Boss Arnab Basu said: ‘We believe technologies that can provide information about emerging threats in near real time will be a critical component of strategies.’
Shares rose 14.2 per cent, or 1.15p, to 9.25p.
British Land saw the value of its estate decline 3 per cent to £9.6billion amid rising interest rates as it sank 1.1 per cent, or 4.4p, to 391.7p.
Over at Vodafone, investors cheered the telecom giant’s launch of a share buyback programme worth up to £580million. It rose 1.3 per cent, or 1.27p, to 97.16p.
Meanwhile, Hill & Smith hailed a strong demand after the safety barrier maker said profit for the year should be above £89.7million. It climbed 5.3 per cent, or 58p, to 1150p.
Serco sank into the red even though it won a £200million contract with the Ministry of Defence to provide services for the Royal Navy. Its share price dipped 0.7 per cent, or 1.2p, to 164.9p.

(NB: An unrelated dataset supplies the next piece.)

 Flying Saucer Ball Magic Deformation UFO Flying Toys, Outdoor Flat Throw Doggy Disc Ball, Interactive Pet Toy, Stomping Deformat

Tullow Oil fell 0.4 per cent, or 0.2p, to 47.3p after the energy firm’s production forecast for the year lagged behind levels in 2020.
It expects to have produced 61,000 to 62,000 barrels of oil a day at the end of 2022 – down from a previous range of 60,000 to 64,000, and some way off the 74,900 in 2020.

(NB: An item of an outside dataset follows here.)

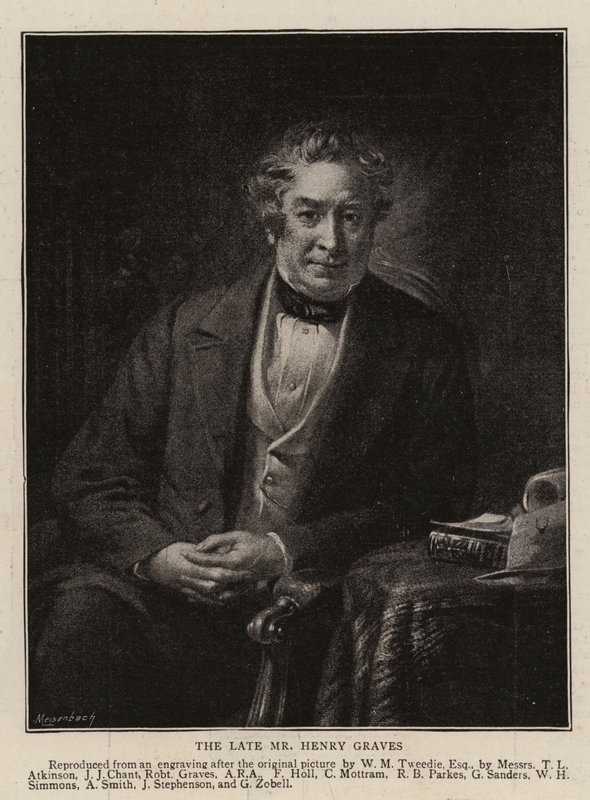 Den afdøde hr. Henry Graves (gravering) af English School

Kainos was up 4.8 per cent, or 69p, to 1510p after Berenberg upgraded the IT firm’s rating to ‘buy’ from hold’ and raised the target price to 1700p from 1200p.
Deliveroo tumbled 7.1 per cent, or 7.02p, to 92.58p after ending a seven-year stint in Australia. The online delivery company placed its subsidiary there into voluntary administration as it said that the business cannot become profitable without ‘considerable financial investment’.